Sanal dünyadaki olumsuzlukların önüne sanal dünyayı kısıtlayarak, sansürleyerek geçemeyiz. Gençleri sanal dünyaya hapsetmek yerine toplumsal yaşama çekmek, sanata, spora, doğaya çekmek bunun tek panzehiri. Devlete ama öncellikle ailelere bu konuda görev düşüyor.

“SOSYAL MEDYA GELENEKSEL MEDYANIN ÖNÜNE GEÇECEK”

Sanal dünyanın nimetlerinden biri de gençlerin sosyal medyada kendilerini ifade etmelerinde aracı olması. Hatta son dönemde ‘Arap Baharı’yla sosyal medya üzerinden gerçekleşen ayaklanmaların, devrimlerin olduğu söyleniyor. Sosyal medyayla ilgili ne düşünüyorsunuz? Bu dünya nereye gidiyor sizce?

Ben sosyal medya denen olguyu son derecede önemli buluyorum. Son dönemde her alanda olduğu gibi medyada da kapitalistleşme ve tekelleşme arttı. Toplum klasik medya yoluyla yansız ve doğru habere ulaşamıyor. Oysa sosyal medyada hiçbir gelişmeyi toplumdan gizleme şansınız yok. İlerleyen süreçte sosyal medya geleneksel medyanın da önüne geçecektir. Bu da yeni toplumsal hareketlerin güçlenmesini ve dünyanın daha eşitlikçi daha yaşanabilir daha hoşgörülü bir mekân haline gelmesine katkı sağlayacaktır.
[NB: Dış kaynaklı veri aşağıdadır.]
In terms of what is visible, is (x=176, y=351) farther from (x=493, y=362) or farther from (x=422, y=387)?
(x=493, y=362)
“TÜRK GENÇLİĞİ DÜNYAYA AÇIK BİR GENÇLİK”

Yeni kuşak gençlik “Y kuşağı gençlik” olarak da adlandırılıyor. Bu kavram genellikle 90’ sonrası doğumlular için kullanılan bir ifade. Y kuşağı gençler; iyi seviyede teknoloji algısı, bilgisi, kullanımı olan gençler olarak ifade ediliyor… Sizce teknoloji gençleri nereye götürüyor? Ya da gençler bu teknolojiyle nereye gidiyor? Gençlerin teknolojiyle irtibatını nasıl buluyorsunuz?

Teknolojik gelişme ve yeni nesillerin teknolojik donanımımın yüksek olması kaçınılmaz. Ama sırf teknolojik boyutuyla gelişmiş bir yeni nesil, maalesef tek boyutlu ve manevi algısı düşük bir nesil olabilir. Az önce de söylediğim gibi, doğaya, sanata, spora yabancı bir nesil giderek kendi toplumuna ve manevi dünyaya da yabancılaşır, duyguları körelir. Bunun önüne geçmek gerekiyor.

Türkiye’yi gençler üzerinden düşündüğünüzde nasıl bir gelecek tasarlıyorsunuz? Nasıl bir Türkiye’de yaşamak istiyorsunuz? Gelecek hayalinizi kısaca anlatır mısınız?

Gelecek bugünümüzden daha iyi olacak. Gençlere güvenim tam. Birbirini anlayabilen, hoşgörülü ve dünyaya açık bir gençlik Türk gençliği.

Geleceğe yönelik en büyük özlemim herkesin yaşamında mutlu, geleceğinden umutlu olduğu bir toplumda yaşamak; kardeşçe yaşamak.